Nous trouvons dans 2Sa 23.9-10, un récit extraordinaire à propos d’un des vaillants guerriers de David. Il y eut un jour une attaque soudaine des Philistins contre le camp israélite. Les Philistins étaient l’ennemi héréditaire; le seul mot de Philistin frappait de terreur les Hébreux. Or, tous les hommes d’armes étaient absents. Seul, cet homme était là. Tranquillement et rapidement il saisit son épée et frappa en tous sens: en haut, en bas, à gauche, à droite; il fit terrible besogne, si bien que l’ennemi tourna les talons et s’enfuit. Et, détail curieux, les muscles de la main du héros devinrent si raides qu’elle resta attachée à la poignée de l’épée. L’homme et l’épée ne faisaient qu’un dans ce combat singulier contre l’ennemi héréditaire. Quand nous, à notre tour, nous serons tellement pénétrés par la Bible et par l’Esprit qui est en elle et la vivifie, que ceux qui nous entourent ne pourront pas faire la démarcation entre l’homme et l’Esprit de Dieu qui est dans l’homme, alors nous obtiendrons d’En-Haut le pouvoir surhumain de la prière pour mettre en fuite l’ennemi. Dieu et l’homme ne formeront qu’un dans l’action contre le mal.

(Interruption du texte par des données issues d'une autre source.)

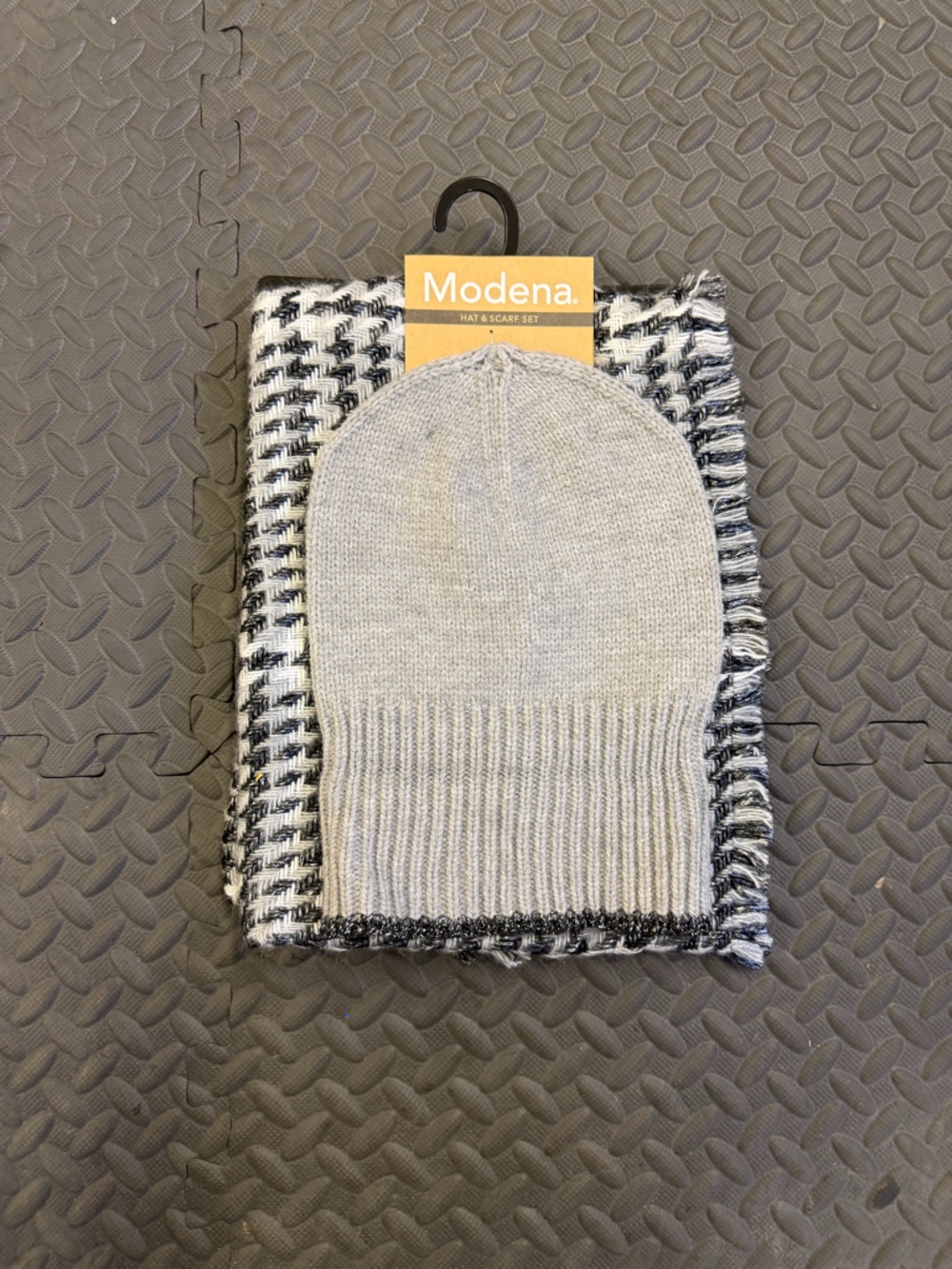 Light Gray Scarf & Hat Set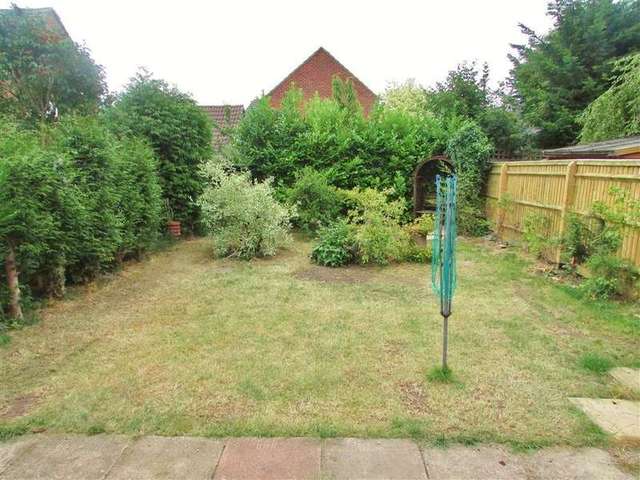  Image of 3 bedroom Semi-Detached house to rent in Highclere Gardens Wantage OX12 at Wantage, OX12 9YB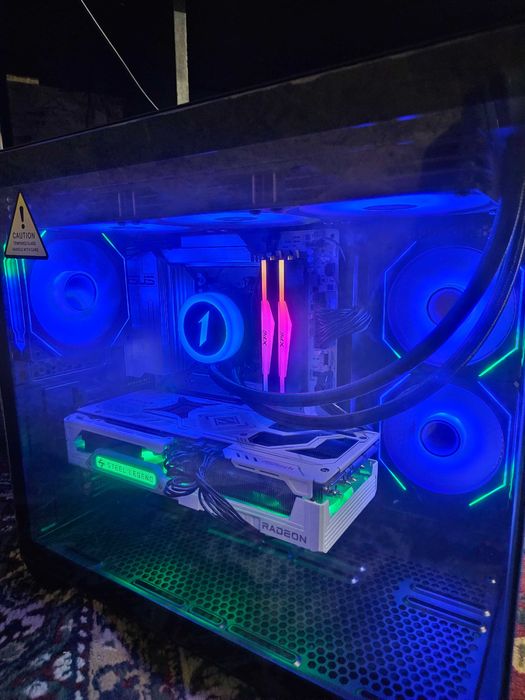 Sistem Gaming Ryzen 9800x3d, 32gb DDR5 (6400), ssd 1tb, RX9070XT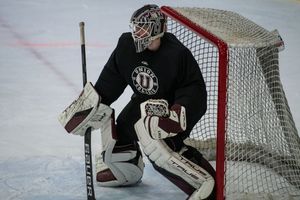 Image post by @Unionmhockey on Twitter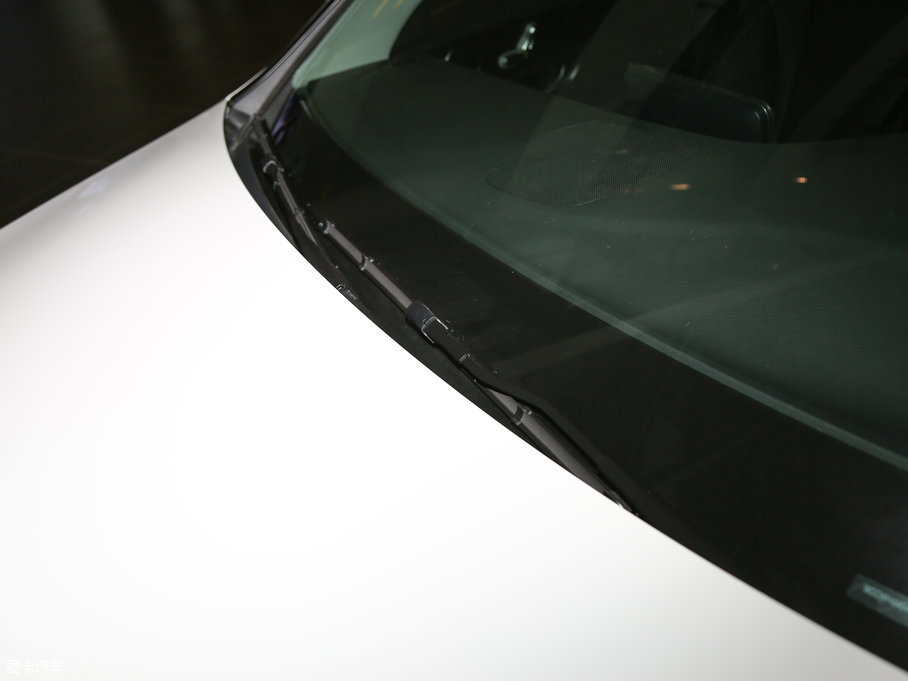 2017YC(M) Ŀ C 180 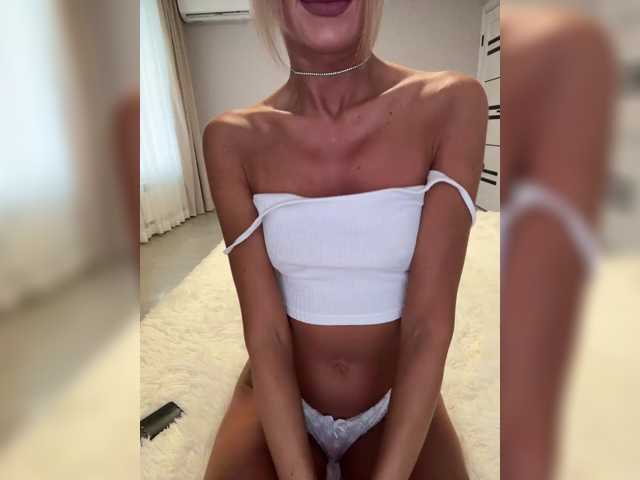 Daria_Desire webcam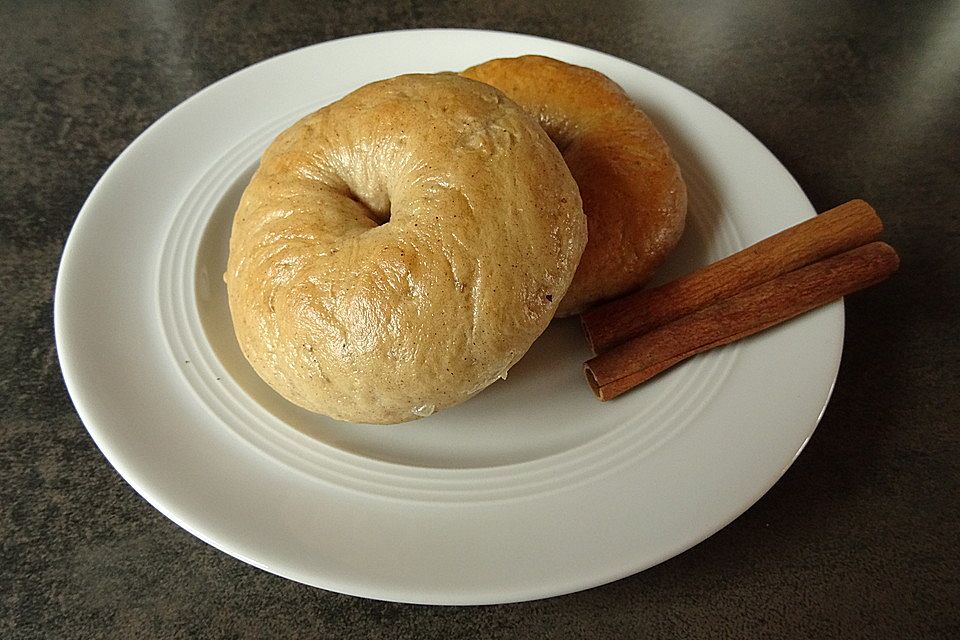 Cinnamon Bagels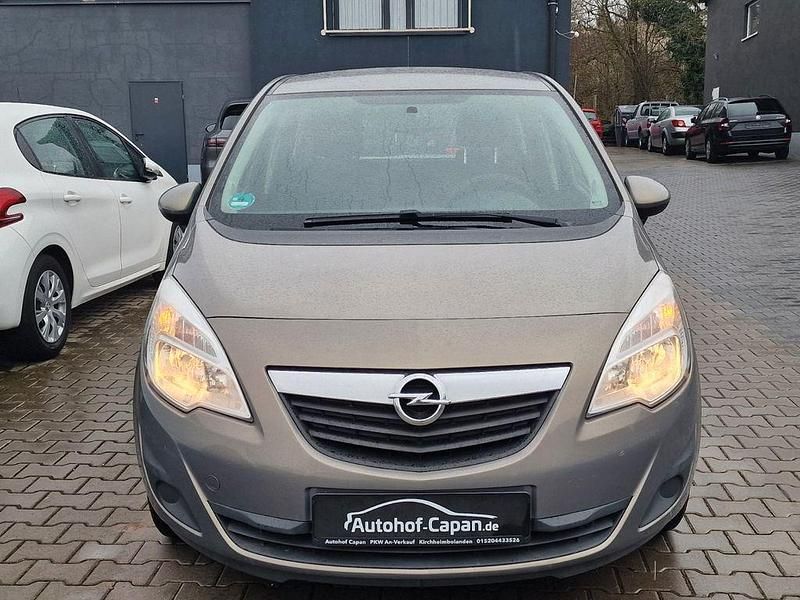 Gebraucht Opel Meriva Edition 101 PS (74 kW) 2011 Braun Van / Kleinbus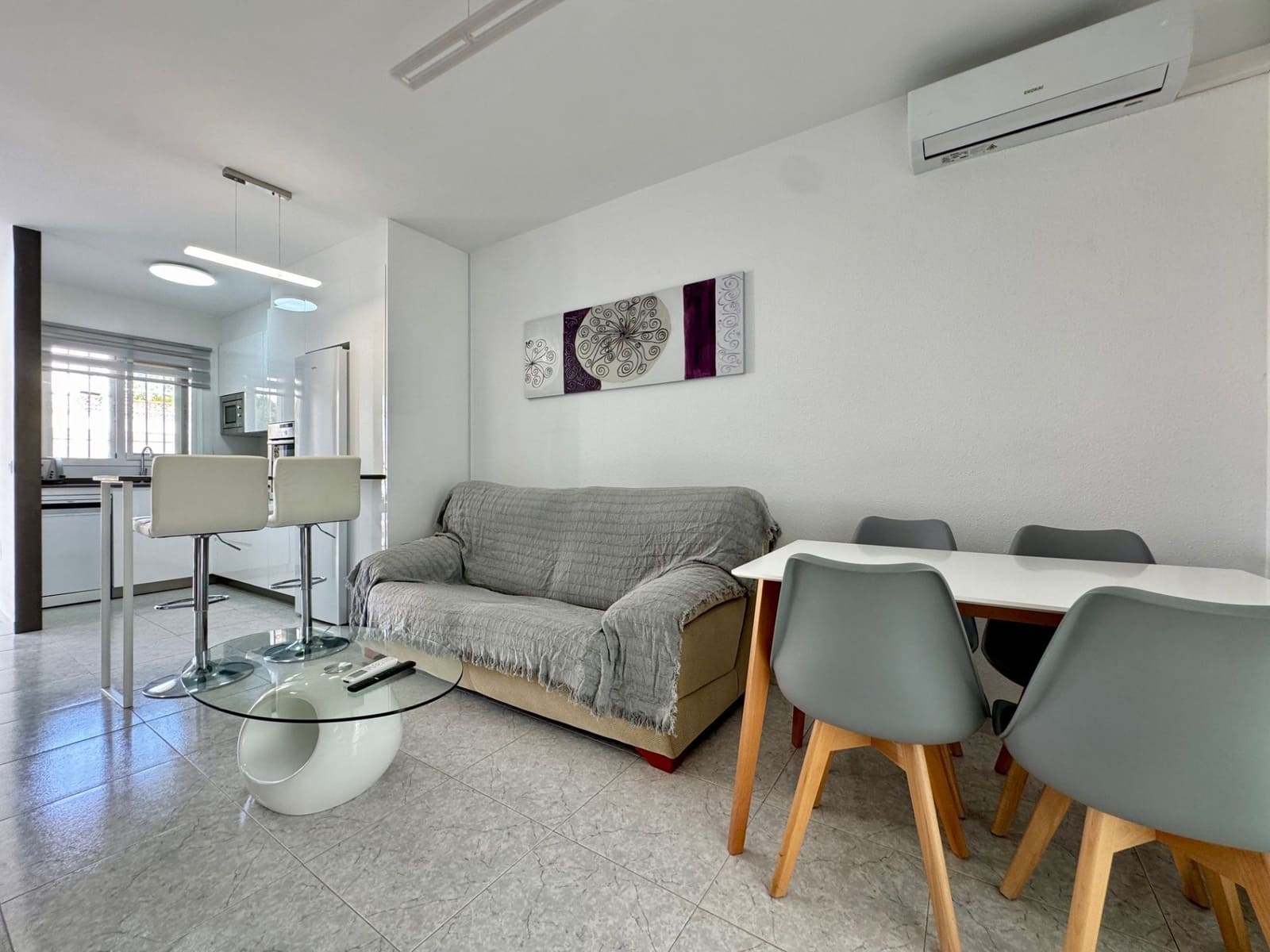 2 soveværelse Lejlighed til salg i Torrox-Costa med swimmingpool - € 235.000 (Ref: 9962030)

Je désire donner quelques simples conseils en vue de l’étude de la Bible, et, ce faisant, montrer comment elle mène à Dieu. Ceci nous permettra de revenir sur des sujets déjà traités, car une partie de ce qui va suivre a déjà été exposée, sous un angle différent, il est vrai. Insistons tout d’abord sur la notion du temps. Nous devons mettre à part au moins une demi-heure par jour quand l’esprit est encore frais. Un esprit fatigué ne saisit pas facilement les choses. Il faut persister, persévérer dans cette lecture et garder l’esprit en repos et à l’abri de toute distraction.
Ce temps, de plus, devrait être consacré à la Bible elle-même. Si on consulte ou si on lit d’autres livres, ce qui est parfaitement légitime, que cela soit après la lecture de la Bible. Laissez Dieu vous parler directement plutôt que par l’intermédiaire de quelqu’un d’autre. Abandonnez-vous tout d’abord à Lui; donnez au Livre par excellence la première place sur votre table, et donnez aux autres livres la seconde place.
De plus, lisez dans un esprit de prière, car c’est dans cet esprit que nous apprenons à prier. L’Ecriture ne révèle pas sa douceur et sa force à l’homme intelligent, mais uniquement à l’homme éclairé par l’Esprit. Ce qui nous ouvrira les portes de la vraie connaissance, ce sont nos facultés mentales naturelles illuminées par la claire lumière du Saint-Esprit. J’ai parfois demandé la signification de certains passages à un savant éclairé. Il m’expliquait les tournures orientales, faisait d’habiles distinctions philologiques, me donnait la traduction la plus exacte; mais il ne semblait pas connaître le simple sens spirituel des mots que nous discutions. J’ai posé les mêmes questions à un vieux serviteur de Dieu; il n’avait aucune idée de la langue hébraïque, mais il sentait immédiatement la profonde vérité spirituelle que les mots en question renfermaient.
Nos connaissances, si grandes et si développées soient-elles, seront toujours augmentées et approfondies par l’Esprit qui inspira les Saintes Ecritures.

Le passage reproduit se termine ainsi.